TechWorld: The best free antivirus programs
Scanners, firewalls, browser plug-ins, the works

By John E Dunn
09 April 10

Free antivirus started life nearly two decades ago as security's poor relation, little more than a way of ensnaring users with limited features that would give them an excuse to upgrade to paid-for software later on. A number of software vendors built their marketing on such products, even if the bigger brands were sometimes too sniffy to dare offering something as lowly as a ‘free' product.

Then the Internet happened, the browser became the dominant application, and websites emerged as a major means of distributing what became known more generically as ‘malware'. Malware included old-fashioned viruses, but also mass-distribution worms, Trojans (a major new class of program), and a cluster of applications designated as ‘spyware'.

Suddenly, the threat wasn't just good coding it was bad coding too, with the industrialisation of malware that could exploit software vulnerabilities in the OS, in apps, and especially in browsers and browser plug-ins.

Paid-for AV products found themselves doing a lot more work at a lot more layers of the software stack, and diversified into today's suites that do everything imaginable, including encryption, firewalling, backup, spam filtering, browser trace deletion, parental control, IM and P2P control, web, file and app monitoring, and all before old-style hard disk scanning is even mentioned.

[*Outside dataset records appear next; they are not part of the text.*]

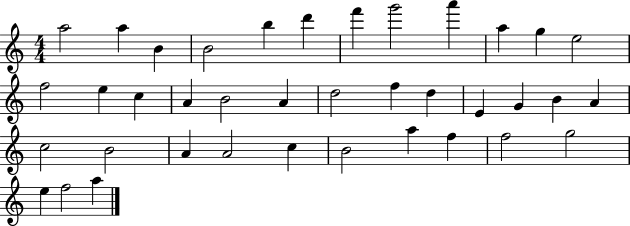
{
  \clef treble
  \numericTimeSignature
  \time 4/4
  \key c \major
  a''2 a''4 b'4 | b'2 b''4 d'''4 | f'''4 g'''2 a'''4 | a''4 g''4 e''2 | \break f''2 e''4 c''4 | a'4 b'2 a'4 | d''2 f''4 d''4 | e'4 g'4 b'4 a'4 | \break c''2 b'2 | a'4 a'2 c''4 | b'2 a''4 f''4 | f''2 g''2 | \break e''4 f''2 a''4 | \bar "|."
}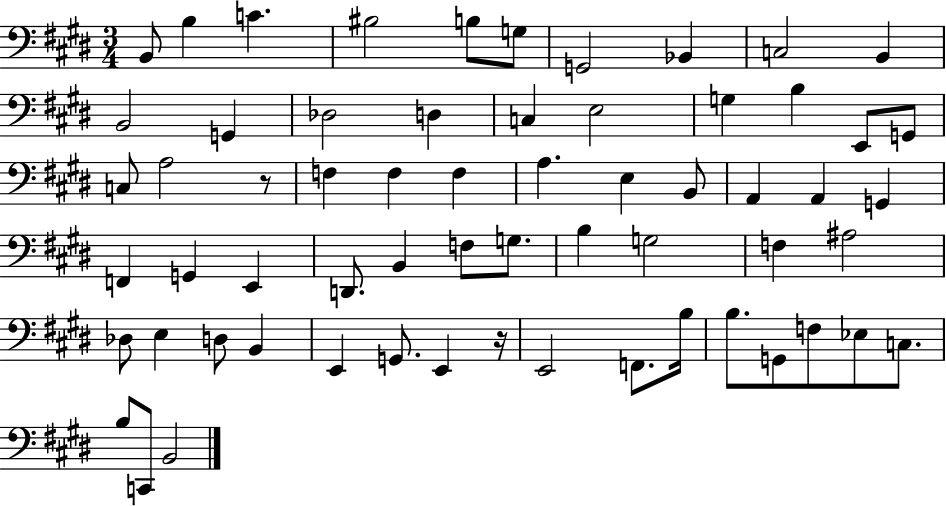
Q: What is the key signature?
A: E major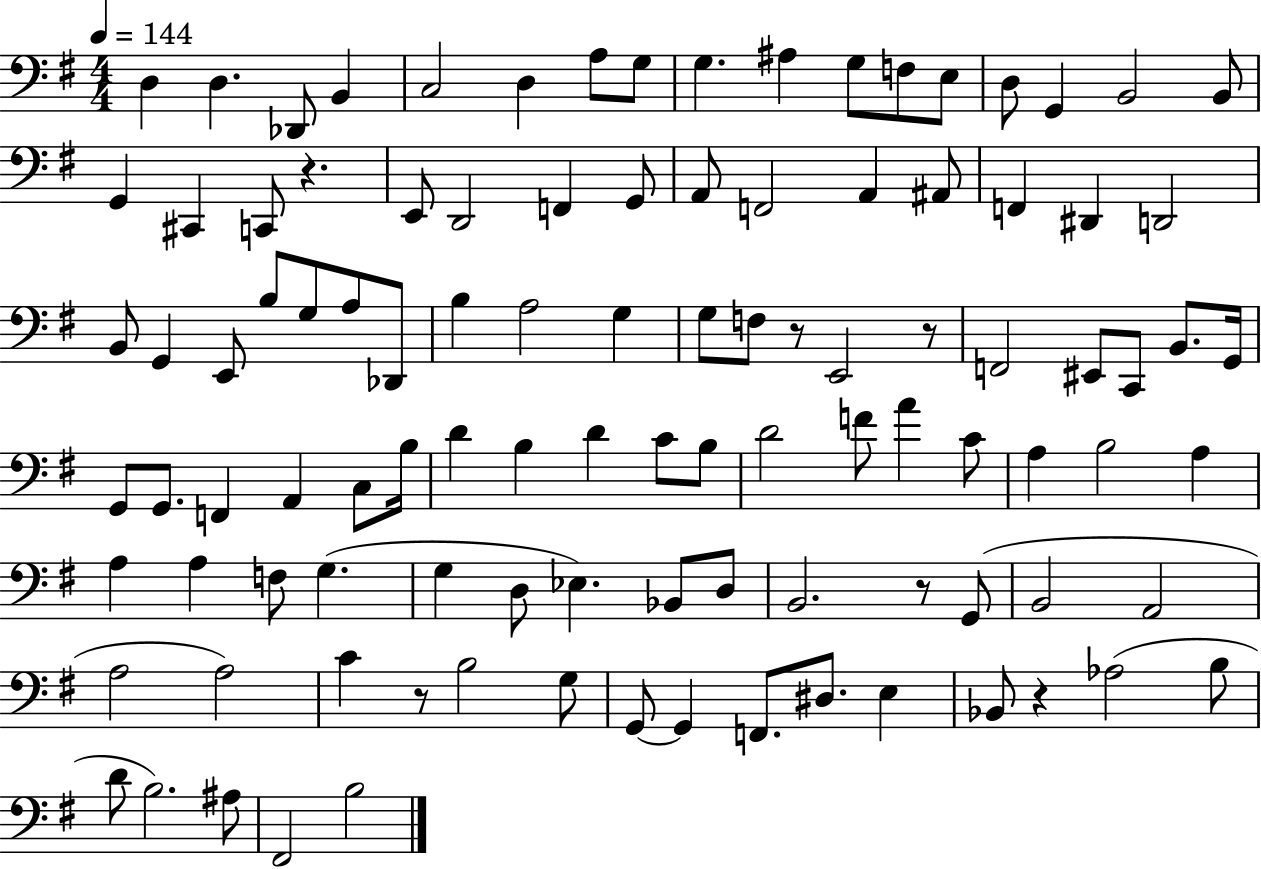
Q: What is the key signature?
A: G major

The problem for security companies is that many pieces of this security jigsaw are at least partially done by free programs, starting with browsers, now secured using layers of settings and URL checking. A reasonable two-way firewall comes with Windows 7 (XP's is one-way, Vista's two-way but requires management and interaction), and of course the basic AV is handled by free utilities that many users swear by.

The fascinating thing about ‘free' is how much users get without having to reach for the credit card. But how much is really enough security and which features does the average user need and perhaps not need?